### Stored data
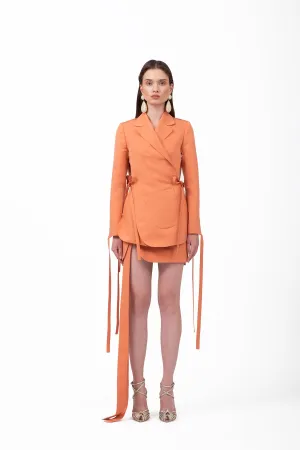 Haily Orange Blazer Skirt Suit Set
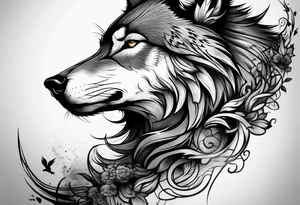 Wolf forearm tattoo idea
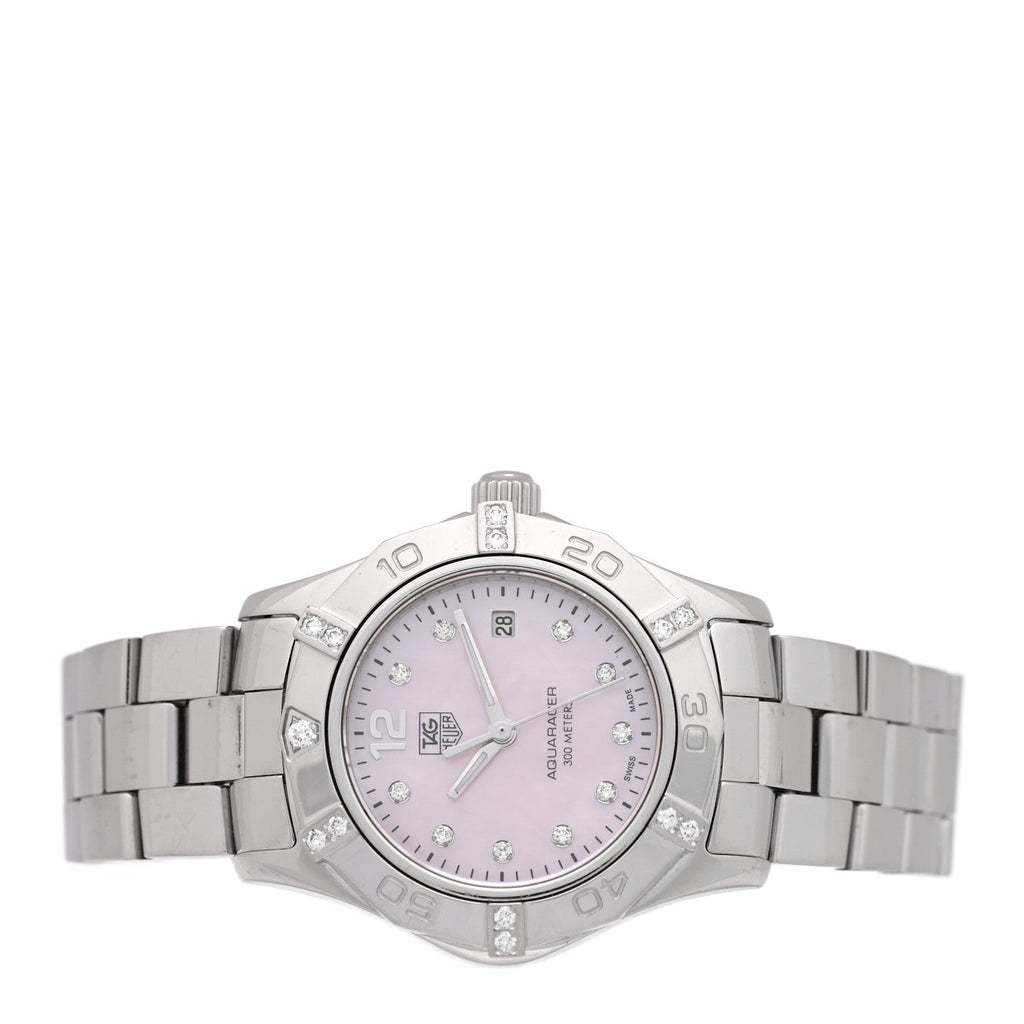 Stainless Steel Diamond Pink Mother of Pearl 27mm Aquaracer Lady Quartz Watch WAF141H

### Exercise directions
Starting at the line that holds "Wolf forearm tattoo idea", reproduce each line through the last one of the listing, and nothing more; the pictures stay out.

### Task output
 Wolf forearm tattoo idea
 Stainless Steel Diamond Pink Mother of Pearl 27mm Aquaracer Lady Quartz Watch WAF141H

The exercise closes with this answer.